25 Ağustos 2014 Pazartesi

177 26 Ağustos 2014 Salı 01:22 KÜÇÜK/BÜYÜK ŞEYLER...................Çamlı zaman tüneli

Çamlı zaman tüneli

Yürüyordum. Yolumu gölgeleyen çam ağaçları arasından deniz görünüyordu. Hani derler ya çarşaf gibi öyle işte, durgun ve masmavi. Karşımda kazdağları, koyu lacivert  bir duvar gibi yükseliyordu. 

Sabahın taze havasında körfez adeta net bir fotoğraf gibiydi. Günün bu bozulmamış aydınlığını hep sevdim ben. Bunu hissetmiş gibi hafif bir serinlik yüzümü okşadı. Ben de onu karşılıksız bırakmadım, çektim ciğerlerime bol bol.

Nedense altından geçtiğim çam ağaçları ve denize doğru uzayıp giden kaldırım bana bir zaman tüneli etkisi yaptı. Bu ağaçların dikildiğini bilirim ben. Şimdi büyümüş kocaman olmuşlardı. On sekiz yıl ne çabuk geçmiş diye düşündüm. Dallarında ötüşen, ordan oraya sıçrayıp uçuşan serçe kuşlarına dalmışım. Farkında değilim, düşüncelerim birden bire daha eskilere, çocukluğuma kadar uzanıvermiş.

Kendimi elimde sapan, gözüm ağaçlarda dallarda kuş avladığım günlerde buldum. Zaten köyde geçen çocukluğumun en renkli anılarıydı çobanlık yapmak, eşeğe binmek, ağaçlara tırmanmak ve kuş vurmak. Sabah tarhana çorbasından sonra evden çıkar, bütün gün o ağaç senin bu ağaç benim oynardık. 

Tarlalarda, bağlarda bahçelerde gezer, varsa erik, armut, yemiş, üzüm ne bulursak "yolar" dık. Kendi yaptığımız sapanlar da boynumuzda olurdu tabi. Sen attın ben vurdum derken kaç kuşun sebebi olmuştuk Allah bilir. Taşı yediğinde çırpınarak dönüp aşağıya düşen kuşlar bize büyük heyecan verirdi.

Neden yapardık, en önemlisi nasıl yapardık ? Nasıl kıyardık o güzelim kuşlara ? O gün bu gündür ne zaman önümden ürküp kaçan kuş görsem sanki benden kaçıyor sanırım. Tövbemin haddi hesabı yoktur. Güvercinlerin yanından geçerken adeta parmaklarımın üstüne basar "Güzel kuş, canım kuş, sakın korkma. Benden sana zarar gelmez" diye mırıldanırım. Sabah saatlerinde dakikalarca kumruların, serçelerin ötüşlerini dinlerim. 

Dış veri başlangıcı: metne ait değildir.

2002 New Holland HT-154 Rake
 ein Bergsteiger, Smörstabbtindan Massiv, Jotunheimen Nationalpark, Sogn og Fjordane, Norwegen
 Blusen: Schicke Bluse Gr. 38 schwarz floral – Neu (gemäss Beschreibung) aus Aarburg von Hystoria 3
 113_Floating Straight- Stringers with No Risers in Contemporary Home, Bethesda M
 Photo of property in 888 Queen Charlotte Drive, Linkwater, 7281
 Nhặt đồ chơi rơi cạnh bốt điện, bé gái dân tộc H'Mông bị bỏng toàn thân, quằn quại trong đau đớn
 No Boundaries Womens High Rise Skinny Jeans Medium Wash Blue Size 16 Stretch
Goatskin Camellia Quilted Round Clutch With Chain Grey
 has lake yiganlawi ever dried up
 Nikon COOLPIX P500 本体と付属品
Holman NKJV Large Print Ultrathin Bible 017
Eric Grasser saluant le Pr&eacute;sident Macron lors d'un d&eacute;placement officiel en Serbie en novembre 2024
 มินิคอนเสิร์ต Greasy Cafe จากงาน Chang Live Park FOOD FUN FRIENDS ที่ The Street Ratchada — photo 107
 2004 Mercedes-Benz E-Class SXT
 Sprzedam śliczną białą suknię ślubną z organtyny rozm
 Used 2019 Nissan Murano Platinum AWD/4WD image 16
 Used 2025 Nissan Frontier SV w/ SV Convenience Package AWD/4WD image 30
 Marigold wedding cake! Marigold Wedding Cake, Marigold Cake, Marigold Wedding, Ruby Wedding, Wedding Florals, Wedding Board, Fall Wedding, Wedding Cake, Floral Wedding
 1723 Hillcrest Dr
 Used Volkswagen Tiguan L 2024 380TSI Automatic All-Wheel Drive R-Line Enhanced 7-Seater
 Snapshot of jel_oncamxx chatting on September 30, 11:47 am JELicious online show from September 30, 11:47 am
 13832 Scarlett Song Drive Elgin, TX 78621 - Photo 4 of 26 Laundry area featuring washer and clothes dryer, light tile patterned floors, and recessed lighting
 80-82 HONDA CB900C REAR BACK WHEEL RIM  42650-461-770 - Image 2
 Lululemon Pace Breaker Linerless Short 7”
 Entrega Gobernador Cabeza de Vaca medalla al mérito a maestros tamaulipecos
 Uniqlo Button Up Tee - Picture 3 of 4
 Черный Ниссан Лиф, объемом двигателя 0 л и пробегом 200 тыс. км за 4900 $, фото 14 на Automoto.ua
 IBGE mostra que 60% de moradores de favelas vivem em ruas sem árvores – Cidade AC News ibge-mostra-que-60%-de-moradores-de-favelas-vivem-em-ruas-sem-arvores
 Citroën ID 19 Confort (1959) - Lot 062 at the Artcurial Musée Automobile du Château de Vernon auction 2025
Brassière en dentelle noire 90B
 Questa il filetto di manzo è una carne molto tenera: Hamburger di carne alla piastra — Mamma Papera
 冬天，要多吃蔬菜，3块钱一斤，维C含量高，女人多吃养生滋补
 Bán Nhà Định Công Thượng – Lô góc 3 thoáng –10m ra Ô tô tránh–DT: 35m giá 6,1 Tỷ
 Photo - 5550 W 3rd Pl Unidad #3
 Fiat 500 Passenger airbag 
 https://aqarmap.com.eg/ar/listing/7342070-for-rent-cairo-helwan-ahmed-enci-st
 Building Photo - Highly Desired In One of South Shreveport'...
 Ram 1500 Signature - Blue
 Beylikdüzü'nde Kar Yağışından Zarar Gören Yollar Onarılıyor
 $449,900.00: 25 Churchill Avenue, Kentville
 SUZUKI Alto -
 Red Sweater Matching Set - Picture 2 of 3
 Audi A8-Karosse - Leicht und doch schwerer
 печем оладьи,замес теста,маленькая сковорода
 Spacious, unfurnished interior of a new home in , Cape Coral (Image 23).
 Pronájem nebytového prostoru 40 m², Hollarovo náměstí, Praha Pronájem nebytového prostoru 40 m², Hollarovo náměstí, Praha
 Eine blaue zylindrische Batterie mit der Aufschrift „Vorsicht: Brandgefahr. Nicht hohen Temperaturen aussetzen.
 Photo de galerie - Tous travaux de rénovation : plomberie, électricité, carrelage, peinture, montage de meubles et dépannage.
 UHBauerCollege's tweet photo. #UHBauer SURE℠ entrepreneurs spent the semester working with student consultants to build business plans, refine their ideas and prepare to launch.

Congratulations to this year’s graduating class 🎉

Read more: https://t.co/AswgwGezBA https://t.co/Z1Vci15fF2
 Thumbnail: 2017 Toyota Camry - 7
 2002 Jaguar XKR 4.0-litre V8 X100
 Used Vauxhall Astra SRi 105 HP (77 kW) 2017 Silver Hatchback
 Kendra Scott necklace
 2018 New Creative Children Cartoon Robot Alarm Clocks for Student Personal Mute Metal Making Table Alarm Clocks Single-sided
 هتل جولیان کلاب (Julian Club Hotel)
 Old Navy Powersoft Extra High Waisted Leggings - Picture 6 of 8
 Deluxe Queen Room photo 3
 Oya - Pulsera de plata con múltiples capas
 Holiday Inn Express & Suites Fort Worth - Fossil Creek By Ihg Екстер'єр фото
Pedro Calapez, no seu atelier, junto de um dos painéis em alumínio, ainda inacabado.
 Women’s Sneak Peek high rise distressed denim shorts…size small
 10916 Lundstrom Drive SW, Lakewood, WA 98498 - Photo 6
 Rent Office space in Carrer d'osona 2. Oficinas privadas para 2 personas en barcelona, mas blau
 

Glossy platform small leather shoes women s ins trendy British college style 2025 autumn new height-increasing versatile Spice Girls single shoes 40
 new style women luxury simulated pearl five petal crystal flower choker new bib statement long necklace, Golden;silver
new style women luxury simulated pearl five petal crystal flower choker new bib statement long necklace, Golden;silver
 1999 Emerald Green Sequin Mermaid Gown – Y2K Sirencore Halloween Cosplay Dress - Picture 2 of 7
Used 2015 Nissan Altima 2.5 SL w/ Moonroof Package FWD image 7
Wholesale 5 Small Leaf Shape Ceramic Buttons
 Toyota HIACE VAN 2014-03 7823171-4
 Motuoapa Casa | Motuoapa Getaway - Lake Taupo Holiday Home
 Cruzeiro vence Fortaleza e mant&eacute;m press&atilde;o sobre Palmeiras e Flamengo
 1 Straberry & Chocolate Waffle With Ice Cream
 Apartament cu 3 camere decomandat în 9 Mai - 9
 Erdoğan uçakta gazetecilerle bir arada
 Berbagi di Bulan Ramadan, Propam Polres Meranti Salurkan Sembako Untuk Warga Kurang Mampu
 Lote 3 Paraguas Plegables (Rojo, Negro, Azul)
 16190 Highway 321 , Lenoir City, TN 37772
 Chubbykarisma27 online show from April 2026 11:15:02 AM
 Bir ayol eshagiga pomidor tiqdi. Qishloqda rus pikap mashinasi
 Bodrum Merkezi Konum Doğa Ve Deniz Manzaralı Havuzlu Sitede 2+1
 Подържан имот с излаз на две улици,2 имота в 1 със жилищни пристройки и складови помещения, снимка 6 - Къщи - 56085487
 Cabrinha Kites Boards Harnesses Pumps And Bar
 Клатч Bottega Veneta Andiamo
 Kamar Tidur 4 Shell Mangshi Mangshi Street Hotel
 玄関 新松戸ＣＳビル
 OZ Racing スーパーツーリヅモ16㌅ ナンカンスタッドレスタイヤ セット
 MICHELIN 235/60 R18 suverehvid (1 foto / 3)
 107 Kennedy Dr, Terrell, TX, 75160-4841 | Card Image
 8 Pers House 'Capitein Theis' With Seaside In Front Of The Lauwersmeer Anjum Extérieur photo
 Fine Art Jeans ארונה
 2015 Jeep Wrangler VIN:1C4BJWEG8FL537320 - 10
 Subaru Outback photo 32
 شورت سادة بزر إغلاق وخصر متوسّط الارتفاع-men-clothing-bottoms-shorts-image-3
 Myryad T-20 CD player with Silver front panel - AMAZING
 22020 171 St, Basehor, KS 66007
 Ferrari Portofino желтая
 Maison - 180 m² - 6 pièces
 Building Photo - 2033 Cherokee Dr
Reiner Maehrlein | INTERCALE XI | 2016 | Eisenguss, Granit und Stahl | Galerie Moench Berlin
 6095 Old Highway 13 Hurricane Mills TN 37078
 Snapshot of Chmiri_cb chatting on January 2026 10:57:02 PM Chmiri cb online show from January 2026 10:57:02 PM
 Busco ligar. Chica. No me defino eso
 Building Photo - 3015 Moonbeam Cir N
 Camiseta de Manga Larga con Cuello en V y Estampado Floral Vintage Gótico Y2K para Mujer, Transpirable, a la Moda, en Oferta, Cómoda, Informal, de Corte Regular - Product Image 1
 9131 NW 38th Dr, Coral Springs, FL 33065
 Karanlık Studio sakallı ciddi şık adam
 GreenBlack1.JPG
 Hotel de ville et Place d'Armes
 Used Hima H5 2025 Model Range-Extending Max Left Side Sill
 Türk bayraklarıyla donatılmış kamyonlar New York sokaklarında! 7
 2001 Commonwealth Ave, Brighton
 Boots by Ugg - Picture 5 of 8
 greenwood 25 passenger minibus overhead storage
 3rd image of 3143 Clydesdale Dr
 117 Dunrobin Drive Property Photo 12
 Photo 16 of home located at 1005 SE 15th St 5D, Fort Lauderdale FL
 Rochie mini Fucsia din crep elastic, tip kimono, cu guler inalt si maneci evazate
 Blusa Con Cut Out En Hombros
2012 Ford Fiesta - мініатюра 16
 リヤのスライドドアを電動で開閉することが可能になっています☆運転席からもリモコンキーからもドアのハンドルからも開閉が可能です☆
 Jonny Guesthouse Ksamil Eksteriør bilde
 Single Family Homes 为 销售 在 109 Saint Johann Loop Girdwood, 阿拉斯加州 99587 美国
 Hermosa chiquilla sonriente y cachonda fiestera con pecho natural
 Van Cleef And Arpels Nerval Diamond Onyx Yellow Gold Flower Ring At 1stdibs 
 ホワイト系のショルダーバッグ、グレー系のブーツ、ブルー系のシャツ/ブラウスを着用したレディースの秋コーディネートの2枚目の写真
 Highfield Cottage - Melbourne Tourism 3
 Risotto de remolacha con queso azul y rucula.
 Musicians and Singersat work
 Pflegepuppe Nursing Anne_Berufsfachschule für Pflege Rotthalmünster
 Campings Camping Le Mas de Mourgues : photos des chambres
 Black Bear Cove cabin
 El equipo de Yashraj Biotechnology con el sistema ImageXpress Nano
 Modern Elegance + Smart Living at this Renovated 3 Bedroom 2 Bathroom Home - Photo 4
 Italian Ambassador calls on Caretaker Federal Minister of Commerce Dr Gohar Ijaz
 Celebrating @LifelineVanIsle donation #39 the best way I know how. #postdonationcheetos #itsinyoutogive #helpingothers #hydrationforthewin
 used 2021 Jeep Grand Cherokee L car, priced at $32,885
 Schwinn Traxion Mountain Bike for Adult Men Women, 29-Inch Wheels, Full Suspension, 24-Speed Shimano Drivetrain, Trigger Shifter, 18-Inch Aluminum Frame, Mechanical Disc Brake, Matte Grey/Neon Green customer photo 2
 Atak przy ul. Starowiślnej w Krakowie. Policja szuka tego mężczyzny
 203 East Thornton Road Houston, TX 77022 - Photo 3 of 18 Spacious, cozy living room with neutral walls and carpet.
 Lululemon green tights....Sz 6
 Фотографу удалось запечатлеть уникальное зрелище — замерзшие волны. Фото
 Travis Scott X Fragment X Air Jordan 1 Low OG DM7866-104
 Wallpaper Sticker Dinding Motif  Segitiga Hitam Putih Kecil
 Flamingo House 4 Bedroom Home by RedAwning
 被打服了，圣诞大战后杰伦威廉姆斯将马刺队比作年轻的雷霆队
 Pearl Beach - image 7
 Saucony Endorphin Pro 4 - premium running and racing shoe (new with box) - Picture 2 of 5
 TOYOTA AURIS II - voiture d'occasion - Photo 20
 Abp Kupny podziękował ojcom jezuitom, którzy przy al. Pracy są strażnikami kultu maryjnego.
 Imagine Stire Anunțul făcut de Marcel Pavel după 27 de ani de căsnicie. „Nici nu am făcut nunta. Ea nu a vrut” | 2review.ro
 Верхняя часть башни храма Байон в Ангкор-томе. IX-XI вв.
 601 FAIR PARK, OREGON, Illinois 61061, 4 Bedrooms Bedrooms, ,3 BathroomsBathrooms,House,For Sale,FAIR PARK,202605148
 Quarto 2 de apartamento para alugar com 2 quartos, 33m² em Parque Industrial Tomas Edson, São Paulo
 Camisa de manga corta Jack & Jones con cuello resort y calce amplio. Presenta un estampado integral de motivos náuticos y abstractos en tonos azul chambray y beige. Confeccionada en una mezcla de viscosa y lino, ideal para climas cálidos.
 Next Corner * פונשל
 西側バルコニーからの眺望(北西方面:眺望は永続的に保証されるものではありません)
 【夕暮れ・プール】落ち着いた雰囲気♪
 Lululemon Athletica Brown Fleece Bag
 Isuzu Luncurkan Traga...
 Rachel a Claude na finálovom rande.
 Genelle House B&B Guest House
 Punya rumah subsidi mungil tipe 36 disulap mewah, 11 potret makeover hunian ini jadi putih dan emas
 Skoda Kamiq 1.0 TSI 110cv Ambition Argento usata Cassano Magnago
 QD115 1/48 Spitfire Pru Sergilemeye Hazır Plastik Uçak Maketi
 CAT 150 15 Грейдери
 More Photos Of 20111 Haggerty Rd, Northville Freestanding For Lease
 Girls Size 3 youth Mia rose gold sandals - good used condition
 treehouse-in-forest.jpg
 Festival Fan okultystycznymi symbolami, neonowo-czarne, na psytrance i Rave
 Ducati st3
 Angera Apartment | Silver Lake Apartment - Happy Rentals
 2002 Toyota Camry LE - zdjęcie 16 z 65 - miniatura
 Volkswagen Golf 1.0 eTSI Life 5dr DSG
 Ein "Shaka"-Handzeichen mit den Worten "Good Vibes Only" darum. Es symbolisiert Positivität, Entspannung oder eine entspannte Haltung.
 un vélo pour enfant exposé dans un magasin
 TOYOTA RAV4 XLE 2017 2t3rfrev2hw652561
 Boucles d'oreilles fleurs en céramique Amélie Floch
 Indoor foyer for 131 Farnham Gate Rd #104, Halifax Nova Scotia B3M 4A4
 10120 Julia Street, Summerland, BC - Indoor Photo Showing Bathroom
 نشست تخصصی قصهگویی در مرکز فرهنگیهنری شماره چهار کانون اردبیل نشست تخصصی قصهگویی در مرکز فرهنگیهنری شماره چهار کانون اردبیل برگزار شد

Şimdilerde o cıvıl cıvıl sesler, sevimli haller benim için artık bir hayat nişanesi, yaşama sevinci gibidir. Serçesi, kırlangıcı, kumrusu, güvercini, hatta kargası saksağanı bile hepsi ayrı güzeller. İyi ki varlar, iyi ki çocukluğunda bile -bilmeden- zalim olabilen bu insan mahlukunu yalnız bırakmıyorlar.

Gün ağarırken cıvıldaşmaya başlıyor, gün boyu o daldan bu dala neşe içinde uçuşup duruyorlar. Ama onlar kuş, rabbim onları kanatlı yaratmış, ağaçlar da onların doğal mekanları. Ya bizim, daha beş altı yaşında böyle ağaç tepelerinde ne işimiz vardı, hiç mi korkmazdık ?  Ya büyüklerimiz onlar merak etmezler miydi ? Şimdiki çocuklarımıza, torunlarımıza kapıdan dışarısı yasak. Fırsatını bulup çıksalar ne yapacaklarını bilemiyorlar. Hoş çıksalar da ağacı kuşu ne bilirler ki ?

Hele de çobanlık; kuzuyla, oğlakla, eşekle, buzağıyla olan arkadaşlık. O bize mahsusmuş herhalde. Çocukluk anılarımın başında kendi elimle besleyip büyüttüğüm karagözler, sarıkızlar, üstüne binip at gibi koşturduğum karakaçanlar gelir. Hele ki çavuş adlı kuzumu hala unutamam. 

Babam bana getirdiğinde daha yeni süt kuzusuydu. Önce evde besledik. Ot yemeye başlayınca ona kendi elimle kapliş -kaplumbağa- otu toplayıp vermeye başladım. Bunun için köyün hemen dışındaki ayçiçeği -biz gündöndü derdik- tarlalarına gitmeyi bile dert etmezdim. 

Toprağın üstünde öbek öbek yayvan, sarmaşığa benzer beyaz küçük çiçekli yeşil bir ottur kapliş otu. Kendine özgü kokusu hala burnumdadır. Çabucak bir torba dolusu toplar dönerdim eve. Çok severdi kapliş otunu kuzum. Erkek bir kuzuydu, büyüyünce koç olacaktı belki de bu yüzden ona çavuş adını vermiştim. Biraz daha irileşince onu alıp yaymaya -otlatmaya- götürmeye başladım. Daha altı ya da yedi yaşındaydım.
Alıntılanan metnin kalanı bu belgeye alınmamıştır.